With no previous experience in steelmaking, Anglo American acquired outside expertise. In 1964, it bought South African steel producer Scaw Metals. Anglo American also formed a joint venture with Sweden's Avesta Jernverks AB, Transalloys Proprietary Ltd., for the production of chromo-ferro alloys. Anglo American continued investing elsewhere in South Africa, buying stakes in a number of companies that were shortly to come under the control of the soon-to-be nationalized British Steel Corporation (BSC). In the meantime, the mining concern lined up financing for the project, some of which was raised in exchange for future equity in the Witbank company.

Construction began on the Witbank site, designed as a vanadium-based integrated iron and steel production facility in 1965. At the time the Highveld company was renamed Highveld Steel and Vanadium Corporation Limited. The following year, Anglo American acquired full control of Transvaal Vanadium, placing it under Highveld, where it became structured as the company's Vantra division.
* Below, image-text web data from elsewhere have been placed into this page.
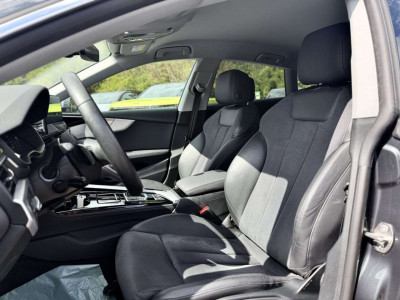 Audi A5 Gebrauchtwagen Audi A5 Gebrauchtwagen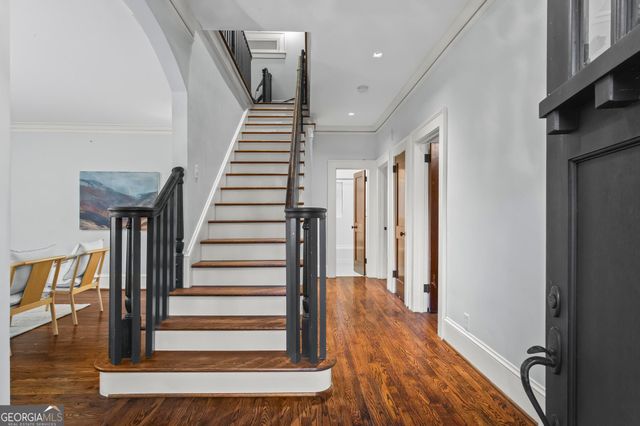 213 Mount Vernon Drive, Decatur, GA 30030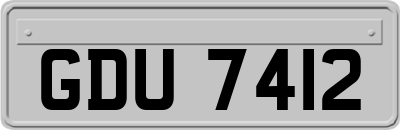 GDU7412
As construction proceeded, Anglo American began selling its future production, and by the time of the plant's completion in December 1968, Highveld held contracts for nearly all of its vanadium production through to the end of 1971.

By April 1969, the Witbank site was fully operational. In that year, also, Highveld went public on the Johannesburg stock exchange, in part to enable the project's financial backers to cash out on their investment. Nonetheless, Anglo American maintained control of the company, with more than 70 percent of Highveld's stock. Later, that stake was boosted past 80 percent.
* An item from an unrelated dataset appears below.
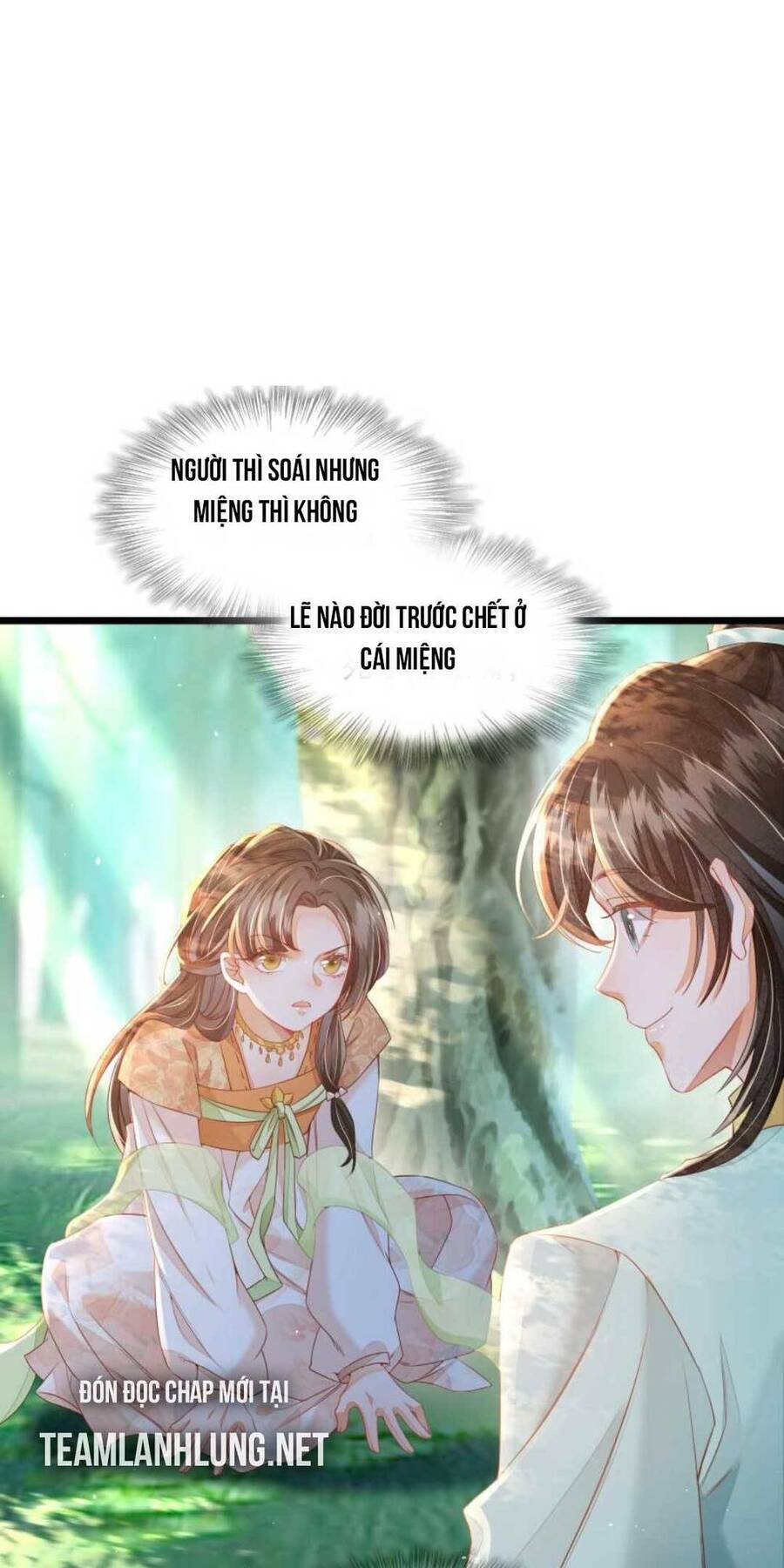 Trăm Kiếp Luân Hồi, Kiếp Này Ta Chỉ Muốn Lười Biếng Chapter 14 - Trang 2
In response to the launch of Highveld, Iscor began acquiring controlling stakes in engineering companies and other South African businesses that had previously been Iscor's exclusive steel customers. Among Iscor's targets were the South African subsidiaries of the new British Steel Corporation, created in 1967. BSC's holdings included full control of South Africa's second largest steel distributor, Baldwins, as well as major stakes in Stewarts & Lloyds, the country's leading maker of pipes and tubes, and Dorman Long, its largest structural engineering specialist.
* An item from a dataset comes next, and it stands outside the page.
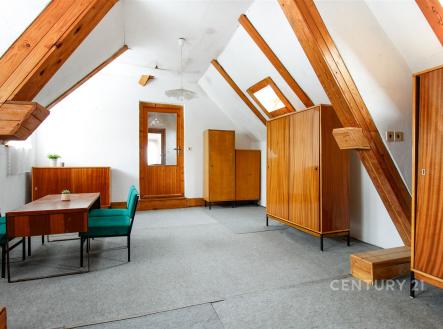 Prodej chaty/rekreačního objektu, 140 m²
Yet because Anglo American already held significant stakes in many of these companies, the three sides were forced into negotiations. A compromise was reached in 1970, with the creation of International Pipe & Steel Investments South Africa (Ipsa), which regrouped BSC's South African holdings. For Iscor, the compromise marked its success in controlling the English-speaking and foreign influences on the national steel market. For Highveld, it marked the start of a truce between itself and Iscor.

Toward Consolidation in the New Century

Highveld booked strong growth through the 1970s and 1980s. In 1976, the company acquired a 65 percent stake in Transalloys from its parent company. By 1985, Anglo American had transferred full control of the manganese alloys producer to Highveld. In that year, also, the company commissioned its second iron production facility.

The company continued to develop toward the end of the decade, particularly with the acquisition of Rand Carbide Ltd., also based in Witbank. Completed in 1978, the transaction gave Highveld access to Rand Carbide's 60 years of expertise in the production of ferrosilicon and other carbonaceous products.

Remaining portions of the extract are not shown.